Wegen des schmelzenden Schnees in den letzten Tagen ist der Wasserpegel vieler Flüsse in Deutschland stark gestiegen. Am 12.01.11 betrug der Hochwasserpegel der Saale in Halle 6,77 Meter. Damit war die Warnstufe 4 von 4 erreicht. Das letzte große Hochwasser in Halle war 1994. Auch damals war die gesamte Peißnitz überflutet. Kleinere Überschwemmungen gibt es immer wieder.

  • von Jenny Emrich; Amelie P.

Erst im Herbst des vergangenen Jahres standen im Osten von Halle  viele Gärten unter Wasser.
Zwar konnte man am Freitag (15.01.2011) in der MZ lesen, dass das Wasser etwas zurück gegangen ist, jedoch wird für die nächste Woche weiterer Regen erwartet. Dann ist wieder mit einem steigenden Pegel der Saale zu rechnen. Also ist weiterhin Vorsicht geboten. In der regionalen Presse wird ausführlich über den jeweiligen Stand informiert. In diesem Zusammenhang irritierte uns die Mitteilung in einem Zeitungsartikel, dass private Grundstücksbesitzer 0,50€ für einen Sandsack bezahlen müssen, den sie dann mit Sand füllen können. Bisher waren wir immer davon ausgegangen, dass man die Sandsäcke kostenfrei beziehen kann, so wie auch in einigen anderen Städten (Cottbus, Baden-Baden oder Bonn).
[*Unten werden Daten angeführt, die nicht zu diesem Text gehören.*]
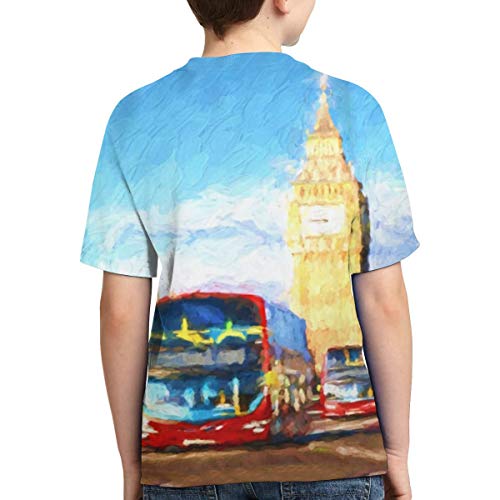 Capital Red Boat Famoso Big Ben Londres Inglaterra Gran Bretaña Brush Bus City Camiseta histórica para niños Camiseta de Manga Corta Camiseta Divertida clásica M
Wenn wie am Sonntag die Feuerwehr und das THW in Halle-Neustadt an der Eissporthalle den Damm in Richtung Wohngebiet mit Sandsäcken erhöhen, bezahlen das dann auch die Wohnungsgenossenschaften von Halle-Neustadt als Eigentümer der Häuser? Wir haben einmal überschlagen, wieviel Geld man ausgeben müsste, um eine 15 m lange Grundstücksgrenze mit einem 30 cm hohen Damm zu schützen und kamen auf rund 95 € !  Das ist ’ne Menge Geld – nur für die Säcke. In der Vergangenheit wurde nach Flutkatastrophen immer berichtet, dass dann Gelder für die Opfer bereitgestellt werden, um die  finanziellen Belastungen für die Beseitigung der Schäden zu mildern. Sollte man nicht auch schon im Vorfeld allen Betroffenen unbürokratisch helfen? Vielleicht sollte die Stadtverwaltung mehr Geld für solche Fälle einplanen und dafür weniger für große Prestigeobjekte wie den Neubau des Stadions.

Ein Kompromiss wäre, dass das Geld für eine Organisation für Hochwasseropfer gespendet wird.